• Short web captions
---------------

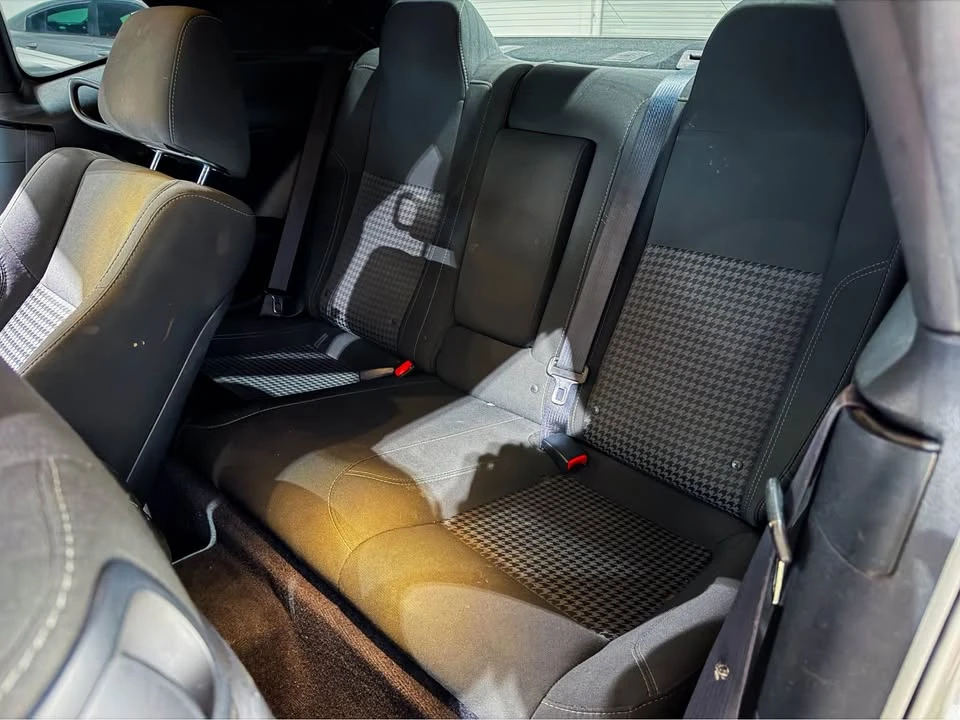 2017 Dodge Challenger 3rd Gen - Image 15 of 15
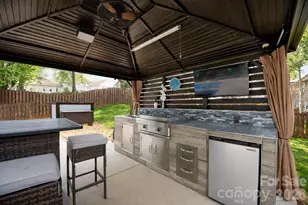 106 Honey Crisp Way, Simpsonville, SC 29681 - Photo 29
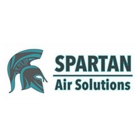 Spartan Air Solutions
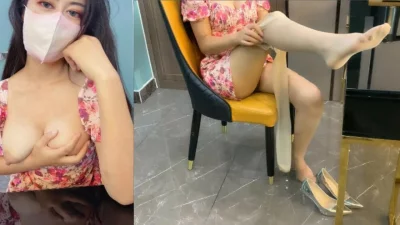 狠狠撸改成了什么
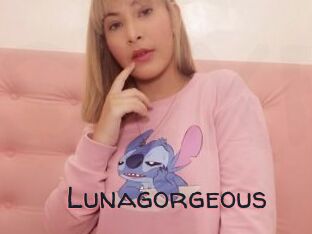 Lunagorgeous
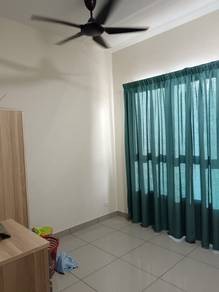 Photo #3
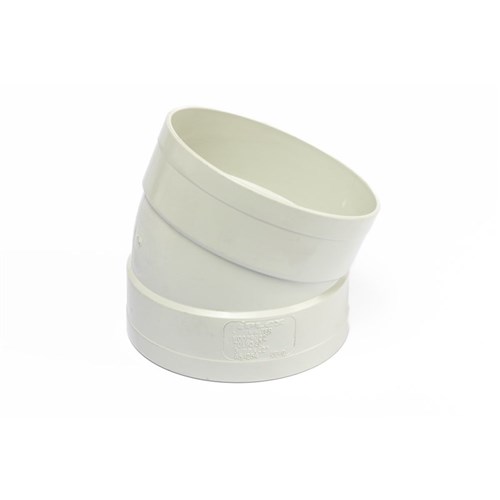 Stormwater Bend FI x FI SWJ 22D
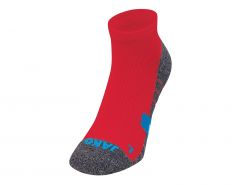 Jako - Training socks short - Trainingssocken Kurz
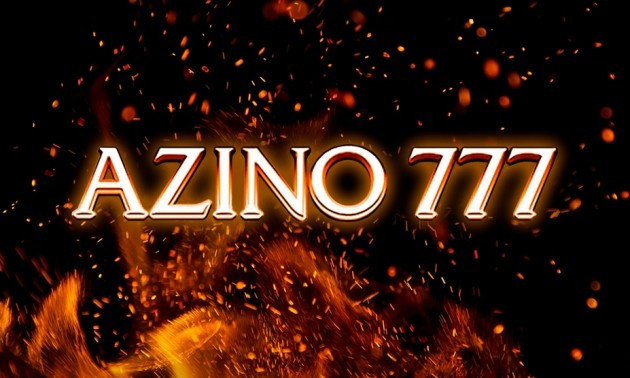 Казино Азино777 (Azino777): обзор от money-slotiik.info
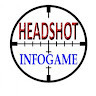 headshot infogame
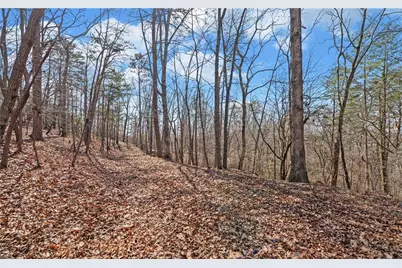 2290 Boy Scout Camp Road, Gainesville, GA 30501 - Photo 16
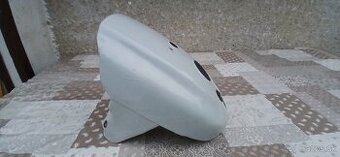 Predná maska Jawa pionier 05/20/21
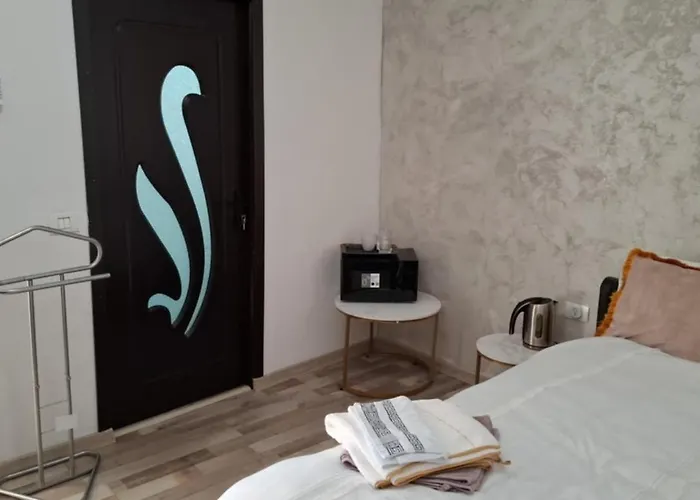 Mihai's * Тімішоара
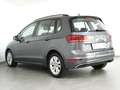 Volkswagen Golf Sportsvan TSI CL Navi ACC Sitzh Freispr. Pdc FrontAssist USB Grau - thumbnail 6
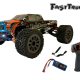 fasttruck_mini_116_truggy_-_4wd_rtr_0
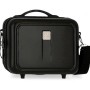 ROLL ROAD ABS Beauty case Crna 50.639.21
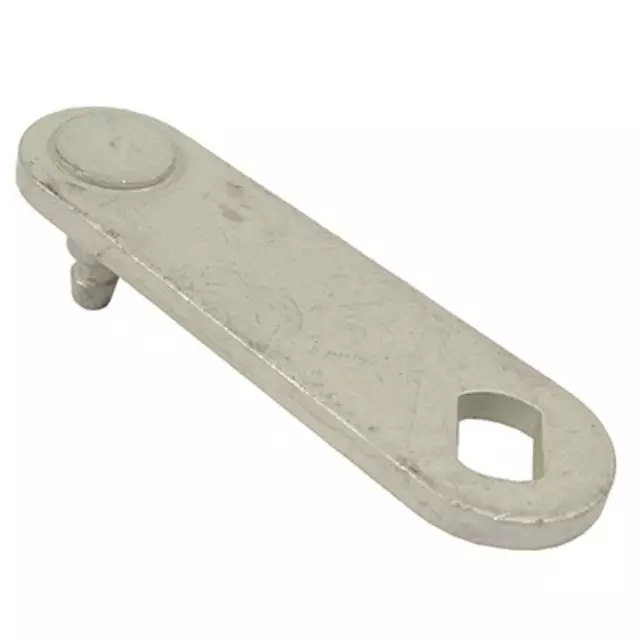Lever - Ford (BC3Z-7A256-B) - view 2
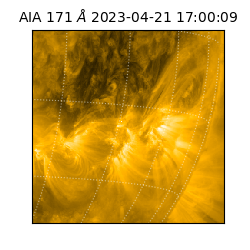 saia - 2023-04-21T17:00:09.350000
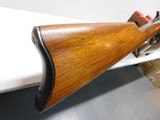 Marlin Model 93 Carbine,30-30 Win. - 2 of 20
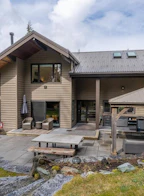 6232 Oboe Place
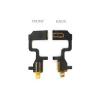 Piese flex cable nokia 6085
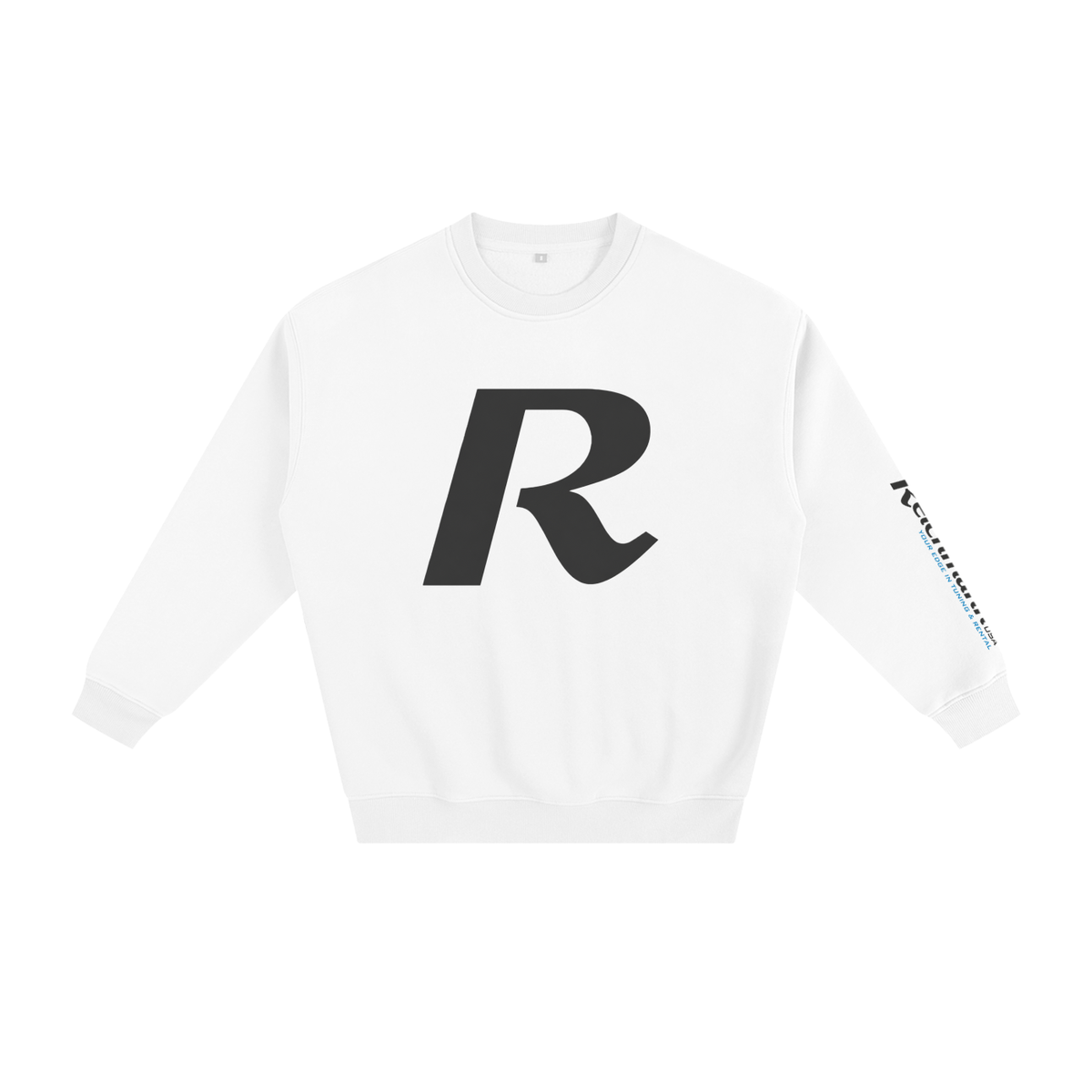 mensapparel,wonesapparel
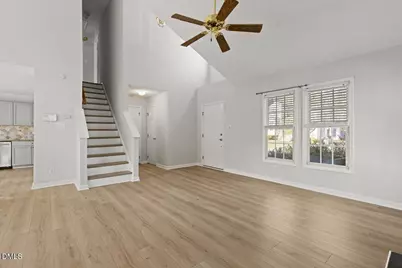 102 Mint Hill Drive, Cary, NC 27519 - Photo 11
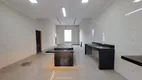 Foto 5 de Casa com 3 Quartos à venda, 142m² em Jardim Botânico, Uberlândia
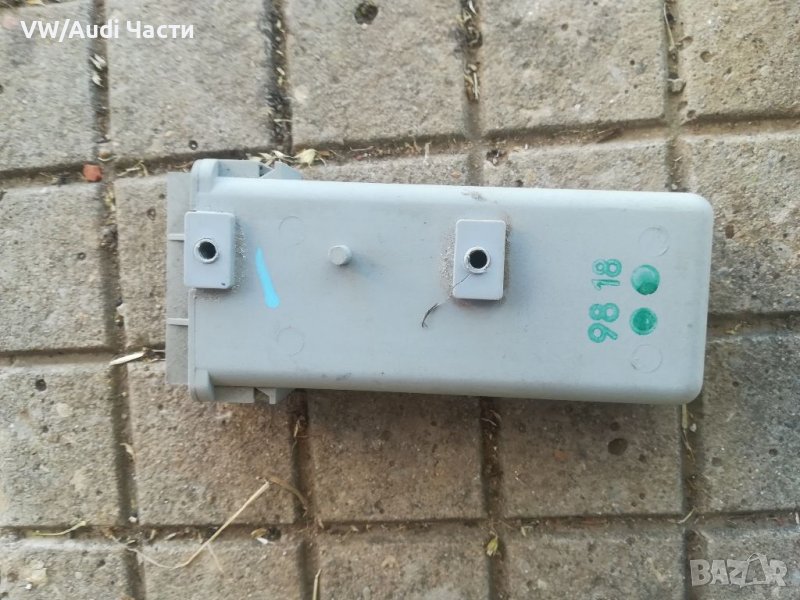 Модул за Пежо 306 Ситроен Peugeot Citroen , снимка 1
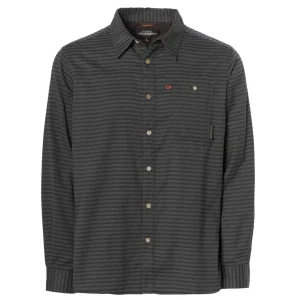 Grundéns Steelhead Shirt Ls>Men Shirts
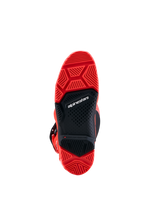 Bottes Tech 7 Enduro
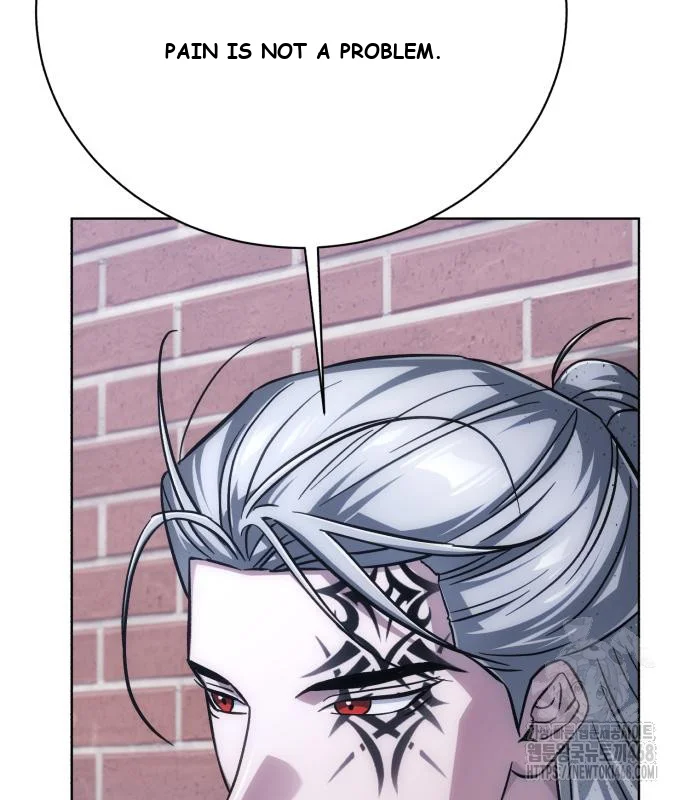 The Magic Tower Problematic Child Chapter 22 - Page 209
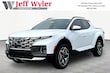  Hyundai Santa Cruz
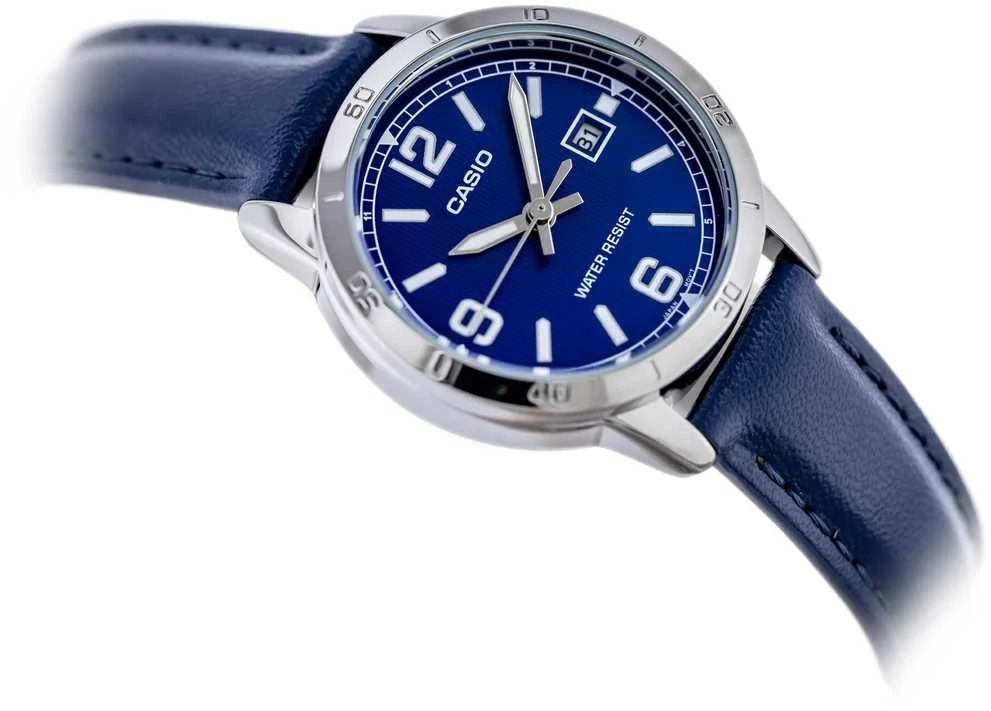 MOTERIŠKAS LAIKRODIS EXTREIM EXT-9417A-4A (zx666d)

---------------

• What the exercise asks
With the pictures omitted, give every line above again exactly.

• Task solution
 2017 Dodge Challenger 3rd Gen - Image 15 of 15
 106 Honey Crisp Way, Simpsonville, SC 29681 - Photo 29
 Spartan Air Solutions
 狠狠撸改成了什么
 Lunagorgeous
 Photo #3
 Stormwater Bend FI x FI SWJ 22D
 Jako - Training socks short - Trainingssocken Kurz
 Казино Азино777 (Azino777): обзор от money-slotiik.info
 headshot infogame
 2290 Boy Scout Camp Road, Gainesville, GA 30501 - Photo 16
 Predná maska Jawa pionier 05/20/21
 Mihai's * Тімішоара
 Volkswagen Golf Sportsvan TSI CL Navi ACC Sitzh Freispr. Pdc FrontAssist USB Grau - thumbnail 6
 fasttruck_mini_116_truggy_-_4wd_rtr_0
 ROLL ROAD ABS Beauty case Crna 50.639.21
Lever - Ford (BC3Z-7A256-B) - view 2
 saia - 2023-04-21T17:00:09.350000
 Marlin Model 93 Carbine,30-30 Win. - 2 of 20
 6232 Oboe Place
 Piese flex cable nokia 6085
 mensapparel,wonesapparel
 102 Mint Hill Drive, Cary, NC 27519 - Photo 11
 Foto 5 de Casa com 3 Quartos à venda, 142m² em Jardim Botânico, Uberlândia
 Модул за Пежо 306 Ситроен Peugeot Citroen , снимка 1
 Grundéns Steelhead Shirt Ls>Men Shirts
 Bottes Tech 7 Enduro
 The Magic Tower Problematic Child Chapter 22 - Page 209
  Hyundai Santa Cruz
 MOTERIŠKAS LAIKRODIS EXTREIM EXT-9417A-4A (zx666d)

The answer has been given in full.